Source data:
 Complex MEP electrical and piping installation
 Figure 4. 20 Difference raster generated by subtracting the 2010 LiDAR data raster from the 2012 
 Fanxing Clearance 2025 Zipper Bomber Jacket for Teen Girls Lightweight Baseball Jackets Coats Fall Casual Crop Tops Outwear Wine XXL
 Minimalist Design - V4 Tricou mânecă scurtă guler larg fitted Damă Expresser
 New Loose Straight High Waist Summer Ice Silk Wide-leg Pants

---

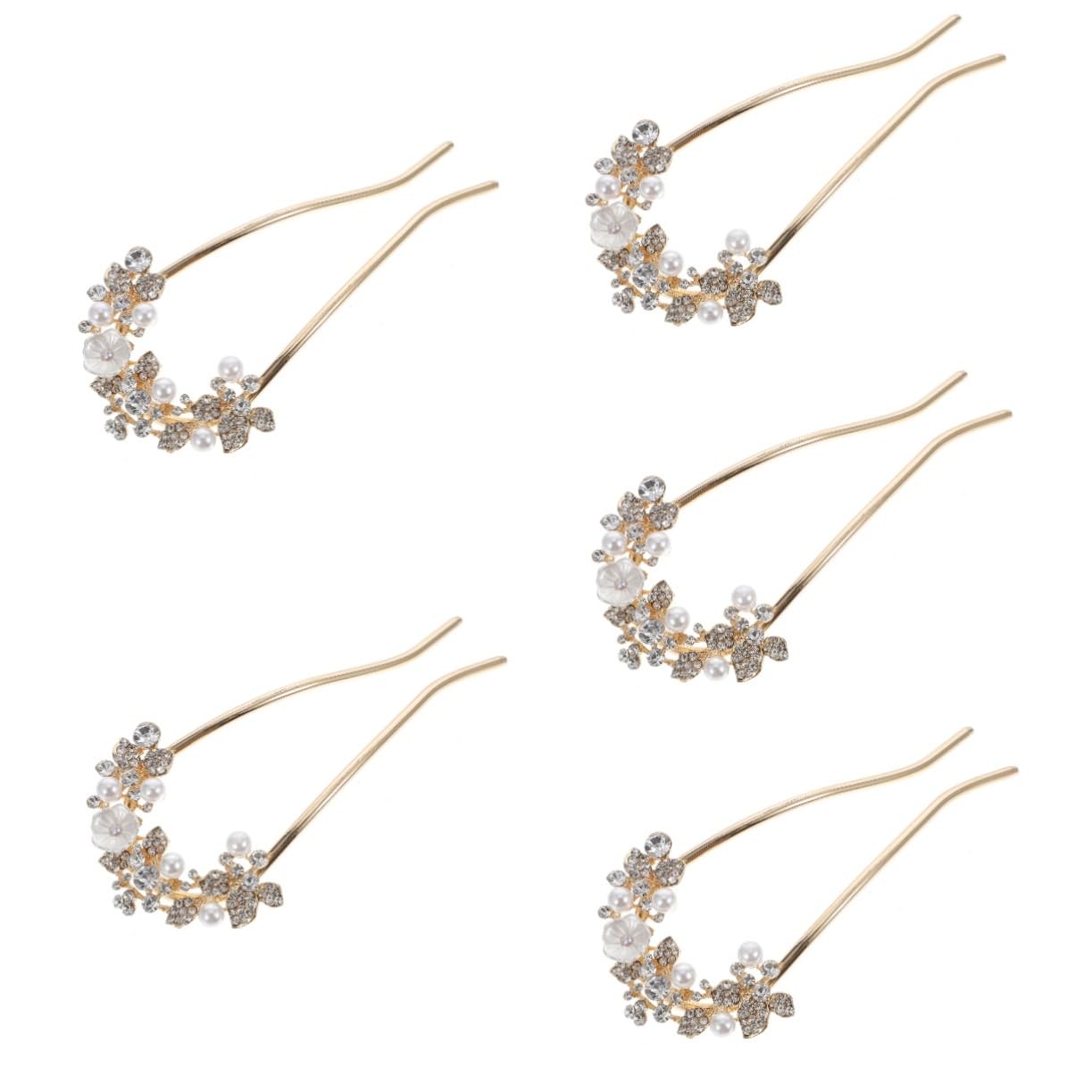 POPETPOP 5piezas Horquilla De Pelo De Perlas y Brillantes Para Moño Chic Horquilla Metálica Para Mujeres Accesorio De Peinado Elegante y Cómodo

--

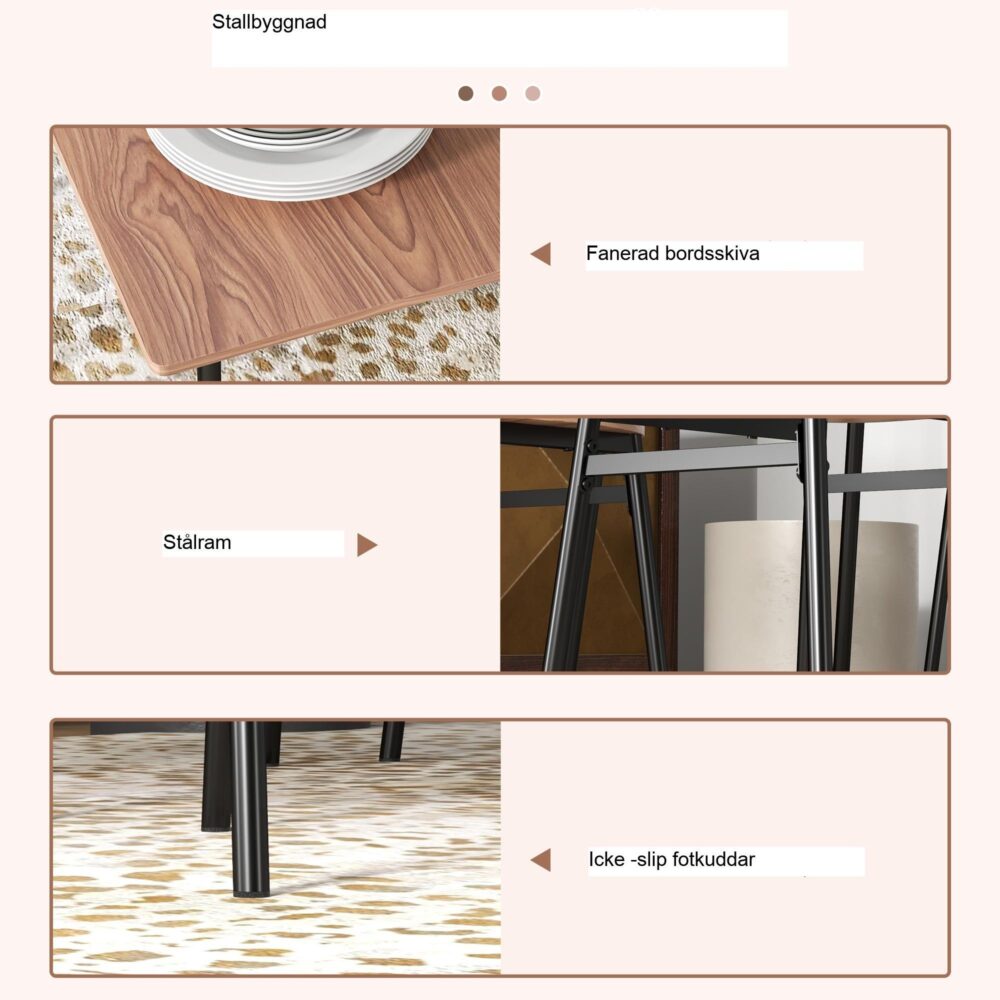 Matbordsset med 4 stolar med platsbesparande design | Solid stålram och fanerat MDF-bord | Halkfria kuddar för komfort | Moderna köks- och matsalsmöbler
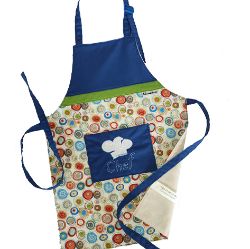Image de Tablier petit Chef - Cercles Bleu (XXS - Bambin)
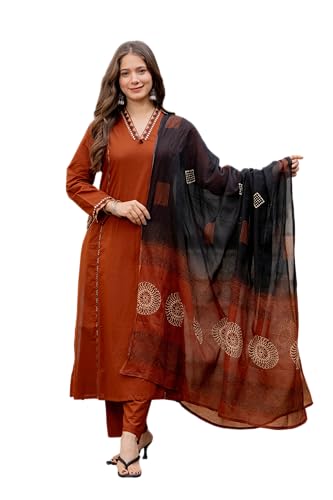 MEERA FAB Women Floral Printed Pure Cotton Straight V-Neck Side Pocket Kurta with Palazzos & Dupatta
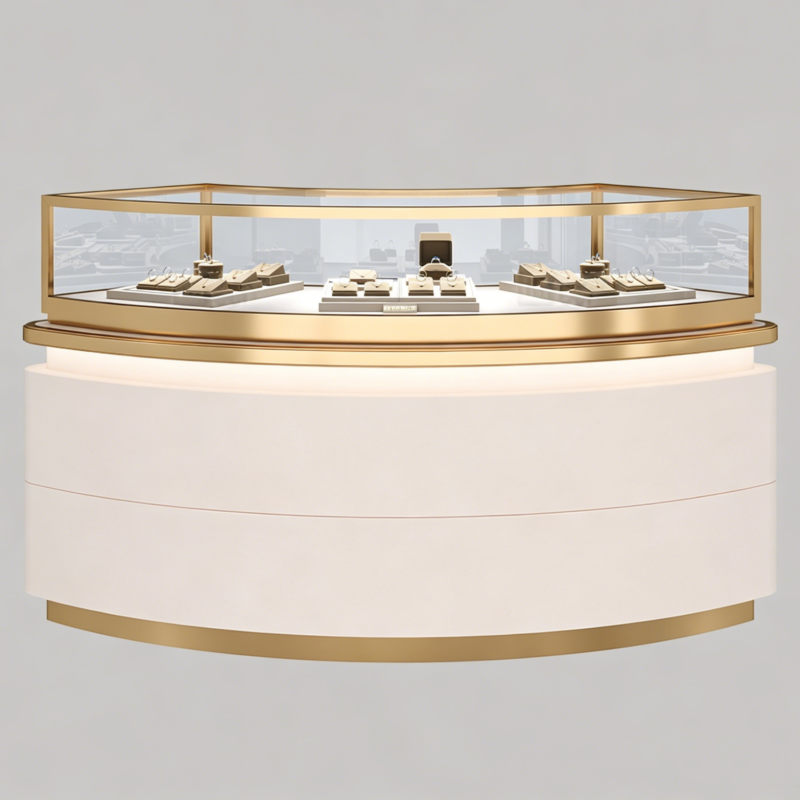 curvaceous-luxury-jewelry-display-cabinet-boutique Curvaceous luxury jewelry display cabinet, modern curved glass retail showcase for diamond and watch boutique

Task goal: Copy needed, without pictures: the lines of the listing above from the line containing "Image de Tablier" up to and including the line containing "and watch boutique", set down exactly.

Response:
Image de Tablier petit Chef - Cercles Bleu (XXS - Bambin)
 MEERA FAB Women Floral Printed Pure Cotton Straight V-Neck Side Pocket Kurta with Palazzos & Dupatta
 curvaceous-luxury-jewelry-display-cabinet-boutique Curvaceous luxury jewelry display cabinet, modern curved glass retail showcase for diamond and watch boutique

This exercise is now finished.